Article ID: | iaor20101502 |
Volume: | 174 |
Issue: | 1 |
Start Page Number: | 147 |
End Page Number: | 168 |
Publication Date: | Feb 2010 |
Journal: | Annals of Operations Research |
Authors: | Lee Eva K, Brooks J Paul |
Keywords: | classification |
Classification is concerned with the development of rules for the allocation of observations to groups, and is a fundamental problem in machine learning. Much of previous work on classification models investigates two-group discrimination. Multi-category classification is less-often considered due to the tendency of generalizations of two-group models to produce misclassification rates that are higher than desirable. Indeed, producing ‘good’ two-group classification rules is a challenging task for some applications, and producing good multi-category rules is generally more difficult. Additionally, even when the ‘optimal’ classification rule is known, inter-group misclassification rates may be higher than tolerable for a given classification model.

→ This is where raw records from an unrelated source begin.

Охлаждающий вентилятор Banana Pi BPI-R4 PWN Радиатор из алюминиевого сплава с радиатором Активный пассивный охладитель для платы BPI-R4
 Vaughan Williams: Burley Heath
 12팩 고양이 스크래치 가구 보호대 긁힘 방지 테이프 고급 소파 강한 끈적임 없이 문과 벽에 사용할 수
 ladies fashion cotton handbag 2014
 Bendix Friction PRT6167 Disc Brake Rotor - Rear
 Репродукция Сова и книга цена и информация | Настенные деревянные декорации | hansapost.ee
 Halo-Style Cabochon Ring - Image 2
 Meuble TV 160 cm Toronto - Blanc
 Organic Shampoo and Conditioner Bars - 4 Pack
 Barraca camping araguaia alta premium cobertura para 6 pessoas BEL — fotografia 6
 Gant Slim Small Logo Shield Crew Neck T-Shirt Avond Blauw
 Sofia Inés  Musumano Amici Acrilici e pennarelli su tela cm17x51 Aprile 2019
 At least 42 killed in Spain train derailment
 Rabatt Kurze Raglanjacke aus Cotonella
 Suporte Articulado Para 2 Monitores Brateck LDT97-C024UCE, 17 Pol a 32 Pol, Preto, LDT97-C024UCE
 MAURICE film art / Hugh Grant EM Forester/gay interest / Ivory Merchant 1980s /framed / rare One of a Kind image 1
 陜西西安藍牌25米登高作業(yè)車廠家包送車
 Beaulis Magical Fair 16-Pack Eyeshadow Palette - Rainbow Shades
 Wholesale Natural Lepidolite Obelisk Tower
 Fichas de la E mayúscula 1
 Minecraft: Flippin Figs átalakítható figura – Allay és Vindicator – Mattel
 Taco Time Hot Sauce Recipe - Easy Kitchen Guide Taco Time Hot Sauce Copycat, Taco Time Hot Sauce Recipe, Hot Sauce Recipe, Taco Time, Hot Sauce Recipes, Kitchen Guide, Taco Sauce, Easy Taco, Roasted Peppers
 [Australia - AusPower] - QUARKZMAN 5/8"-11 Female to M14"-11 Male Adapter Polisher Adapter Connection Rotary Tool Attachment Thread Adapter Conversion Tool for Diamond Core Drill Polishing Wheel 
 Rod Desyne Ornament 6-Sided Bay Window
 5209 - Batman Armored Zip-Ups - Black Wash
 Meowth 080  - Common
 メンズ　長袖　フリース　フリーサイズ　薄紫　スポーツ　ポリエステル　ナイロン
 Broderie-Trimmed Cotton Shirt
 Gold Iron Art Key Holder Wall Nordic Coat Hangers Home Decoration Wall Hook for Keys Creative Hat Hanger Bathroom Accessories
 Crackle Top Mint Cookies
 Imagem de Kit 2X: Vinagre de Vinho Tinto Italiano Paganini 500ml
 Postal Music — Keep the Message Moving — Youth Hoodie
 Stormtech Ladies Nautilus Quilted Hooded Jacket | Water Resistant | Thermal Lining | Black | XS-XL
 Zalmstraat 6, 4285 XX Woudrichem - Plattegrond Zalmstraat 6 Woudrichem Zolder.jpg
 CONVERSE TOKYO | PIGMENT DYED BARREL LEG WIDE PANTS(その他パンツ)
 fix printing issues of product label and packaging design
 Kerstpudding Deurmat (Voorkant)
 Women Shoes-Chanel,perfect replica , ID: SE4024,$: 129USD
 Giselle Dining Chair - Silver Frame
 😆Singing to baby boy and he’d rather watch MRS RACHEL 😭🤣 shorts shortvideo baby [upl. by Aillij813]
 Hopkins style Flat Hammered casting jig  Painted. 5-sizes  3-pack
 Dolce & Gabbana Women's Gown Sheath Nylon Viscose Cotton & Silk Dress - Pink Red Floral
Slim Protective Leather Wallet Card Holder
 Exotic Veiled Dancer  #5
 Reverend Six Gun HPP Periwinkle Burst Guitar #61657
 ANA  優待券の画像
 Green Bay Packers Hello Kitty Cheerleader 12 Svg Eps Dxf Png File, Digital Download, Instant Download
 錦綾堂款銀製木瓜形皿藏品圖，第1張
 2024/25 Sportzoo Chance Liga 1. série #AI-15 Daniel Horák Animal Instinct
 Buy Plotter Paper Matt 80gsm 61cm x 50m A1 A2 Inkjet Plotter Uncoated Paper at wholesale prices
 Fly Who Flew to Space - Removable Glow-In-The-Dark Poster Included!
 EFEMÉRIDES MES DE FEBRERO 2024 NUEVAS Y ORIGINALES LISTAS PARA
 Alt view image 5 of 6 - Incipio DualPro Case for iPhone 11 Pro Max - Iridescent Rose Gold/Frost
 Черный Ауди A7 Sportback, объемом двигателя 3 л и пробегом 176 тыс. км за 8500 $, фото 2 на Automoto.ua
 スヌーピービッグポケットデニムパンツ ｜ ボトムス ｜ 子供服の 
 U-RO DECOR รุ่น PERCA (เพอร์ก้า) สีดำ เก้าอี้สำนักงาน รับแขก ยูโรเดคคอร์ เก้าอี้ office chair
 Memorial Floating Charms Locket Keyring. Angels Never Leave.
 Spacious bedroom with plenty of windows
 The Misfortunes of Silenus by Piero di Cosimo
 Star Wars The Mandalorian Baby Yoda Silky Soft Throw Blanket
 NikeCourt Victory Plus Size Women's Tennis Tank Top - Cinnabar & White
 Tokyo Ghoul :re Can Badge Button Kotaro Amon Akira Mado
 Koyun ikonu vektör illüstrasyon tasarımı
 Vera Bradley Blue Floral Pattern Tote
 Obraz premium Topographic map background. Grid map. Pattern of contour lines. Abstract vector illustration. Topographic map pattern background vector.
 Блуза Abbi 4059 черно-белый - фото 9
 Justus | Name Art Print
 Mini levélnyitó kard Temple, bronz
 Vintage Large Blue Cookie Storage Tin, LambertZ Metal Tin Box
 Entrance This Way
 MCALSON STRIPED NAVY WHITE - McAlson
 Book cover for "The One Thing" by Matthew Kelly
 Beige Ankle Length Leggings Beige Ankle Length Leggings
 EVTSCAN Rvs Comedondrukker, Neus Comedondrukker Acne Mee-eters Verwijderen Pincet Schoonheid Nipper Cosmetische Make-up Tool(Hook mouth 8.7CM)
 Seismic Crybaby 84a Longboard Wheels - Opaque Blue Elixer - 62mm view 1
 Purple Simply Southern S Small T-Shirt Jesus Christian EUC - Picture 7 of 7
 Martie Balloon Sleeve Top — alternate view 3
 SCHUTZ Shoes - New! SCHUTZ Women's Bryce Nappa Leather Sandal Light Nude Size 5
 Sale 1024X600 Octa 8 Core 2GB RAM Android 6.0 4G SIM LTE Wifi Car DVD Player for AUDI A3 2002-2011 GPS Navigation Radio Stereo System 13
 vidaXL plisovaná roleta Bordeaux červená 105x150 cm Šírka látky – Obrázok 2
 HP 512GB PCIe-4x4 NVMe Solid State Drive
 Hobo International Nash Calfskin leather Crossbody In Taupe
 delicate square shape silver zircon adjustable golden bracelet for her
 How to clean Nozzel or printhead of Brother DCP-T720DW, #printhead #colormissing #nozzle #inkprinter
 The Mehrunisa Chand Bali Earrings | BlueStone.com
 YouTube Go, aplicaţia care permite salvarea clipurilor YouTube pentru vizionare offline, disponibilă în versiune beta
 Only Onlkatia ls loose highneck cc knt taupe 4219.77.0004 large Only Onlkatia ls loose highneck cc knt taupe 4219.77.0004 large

We investigate properties of a mixed-integer programming based multi-category classification model that allows for the pre-specification of limits on inter-group misclassification rates. The mechanism by which the limits are satisfied is the use of a reserved judgment region, an artificial category into which observations are placed whose attributes do not sufficiently indicate membership to any particular group. The method is shown to be a consistent estimator of a classification rule with misclassification limits, and performance on simulated and real-world data is demonstrated.